When applying machine learning to time-series, classification, or anomaly tasks, the cleanest path is: narrow down by the three axes supervised/unsupervised × sequential dependence × interpretability, sanity-check against sample size and compute in the feature matrix, and start from whichever decision scenario most closely matches your problem.

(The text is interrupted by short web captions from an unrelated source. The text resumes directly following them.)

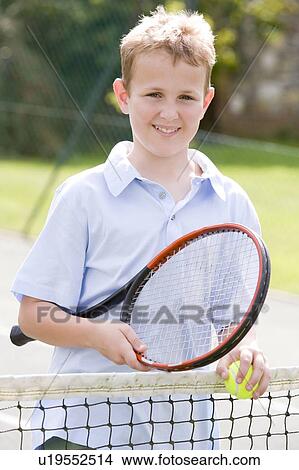 Picture - Young boy with racket on tennis court smiling. Fotosearch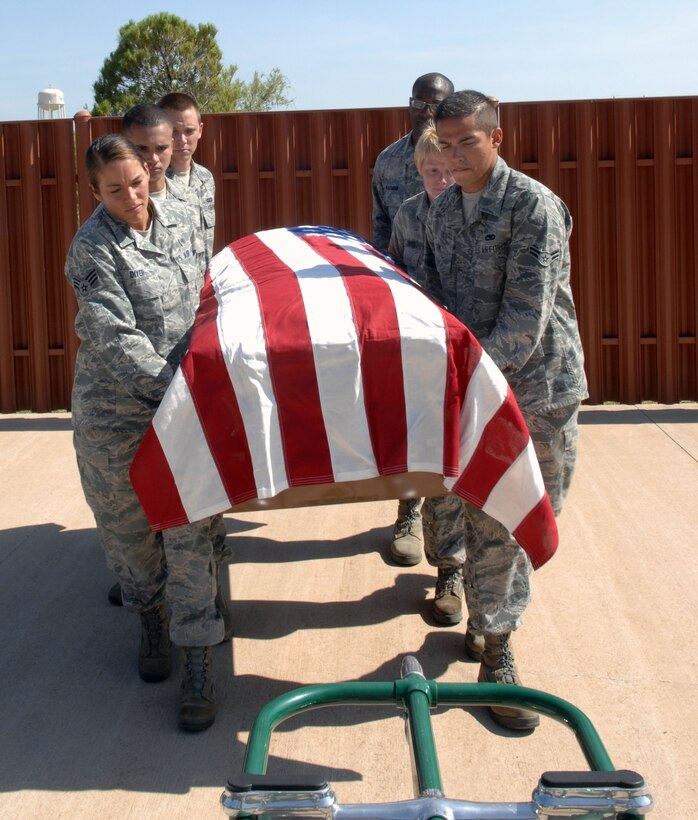 Airmen assigned to the 7th Bomb Wing Honor Guard, pallbearer a casket during training week, Aug. 2, 2013, at the honor guard building on Dyess Air Force Base, Texas. Airmen spend three months with the honor guard, traveling around Texas to perform ceremonial duties for deceased service members. Dyess covers 34,000 square miles, 38 counties and perform more than 200 funerals a month. During the funerals the members pallbearer the casket, perform a flag fold, a three-man gun salute, play taps and present the flag and three shell casings to the next-of-kin. (U.S. Air Force photo by Senior Airman Shannon Hall/Released)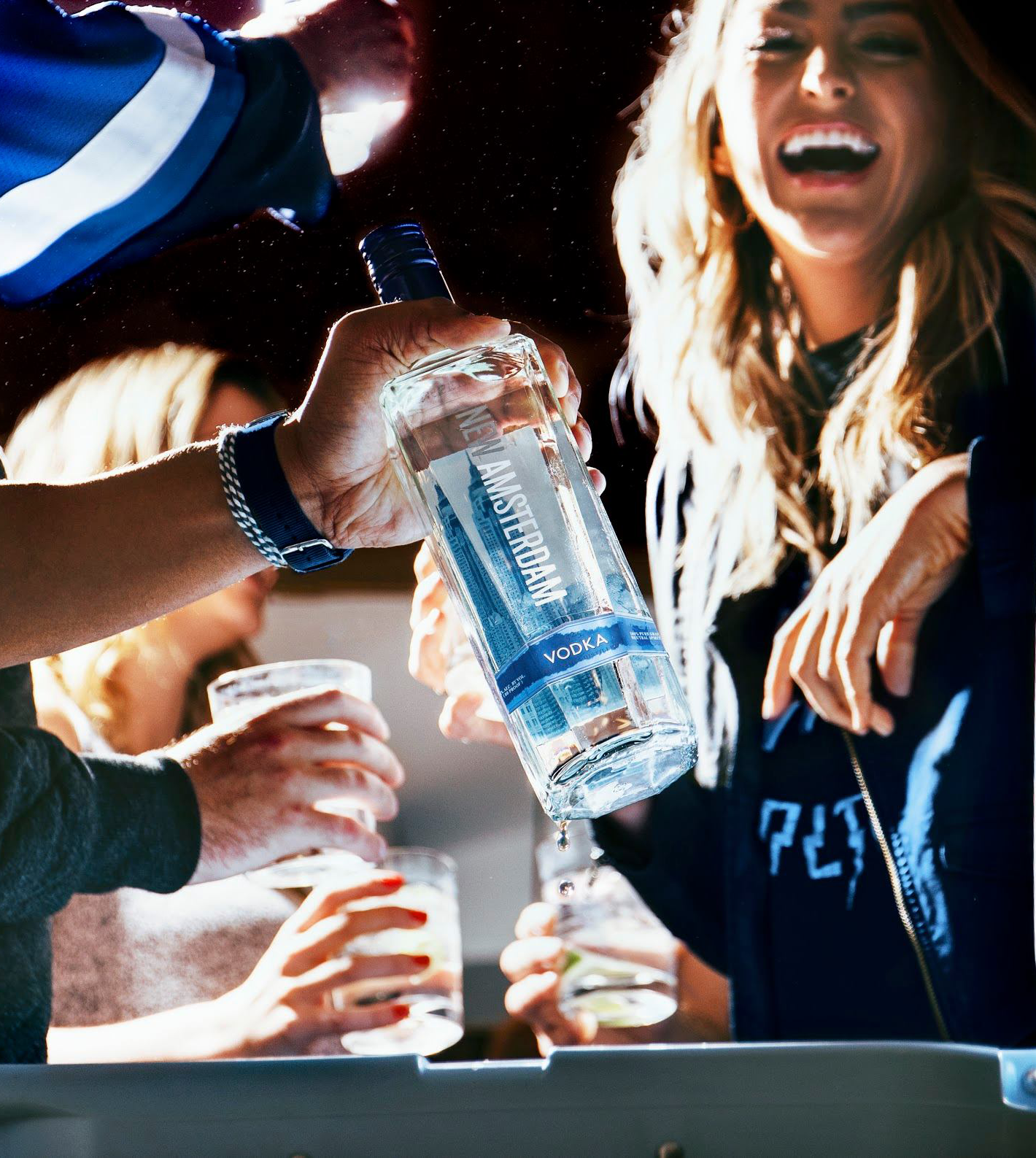 Woman and friends drinking NAM Vodka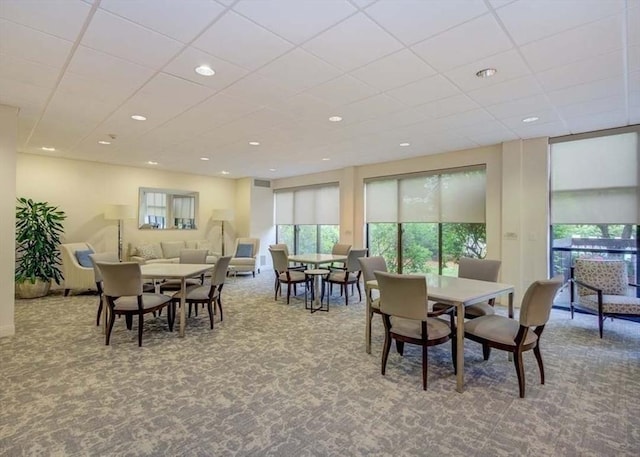 dining space featuring carpet floors, recessed lighting, and a paneled ceiling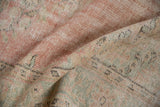 Soft, worn pile texture of a vintage distressed Oushak rug in rose and pale green.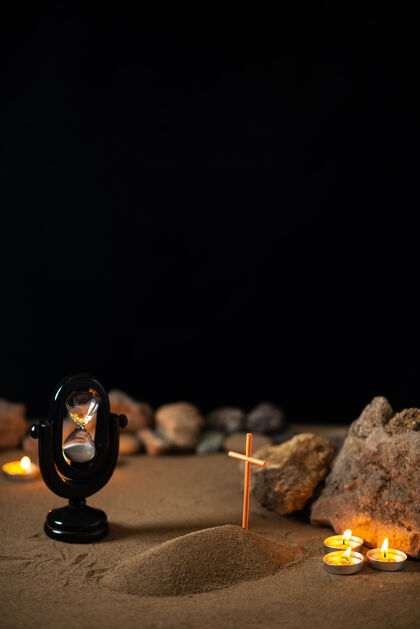 坟墓用石头点燃蜡烛 用沙子上的小坟墓来纪念葬礼上的死亡黑计时器肖像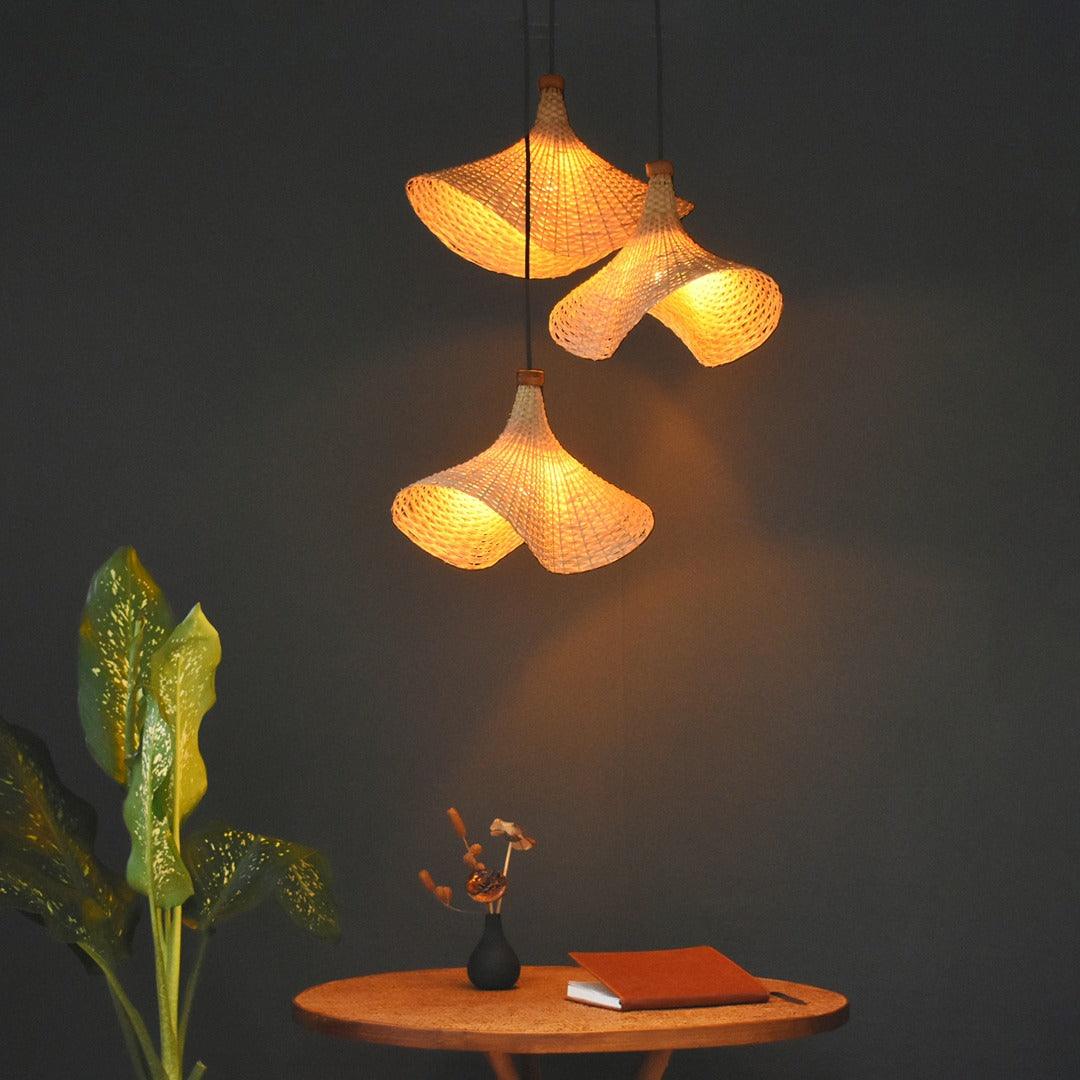 Handcrafted bamboo pendant light with a warm, natural glow cluster of 3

Unlabeled, looking for groups → k-means / GMM
Tabular classification or short–medium horizon forecasting with interpretability → Random Forest / GBDT
Long-range dependence and nonlinearity → LSTM
Sequence anomalies or state tracking → Kalman filter family / LSTM-AE
Automatic hyperparameter search → Bayesian optimization

When in doubt, copy the unified Python evaluation script in this article, swap in your own data, and read MSE / F1 / silhouette across the five methods. From here, the next themes worth deepening are (a) Gaussian process regression for small-data forecasting with calibrated intervals, (b) Transformer-family time-series models (Informer, TimesNet), (c) deep state-space models that mix neural networks with state-space structure, and (d) the bridge to causal inference, where feature importance becomes intervention effect. Use this hub and the linked articles as a two-way map for finding the right tool for your problem.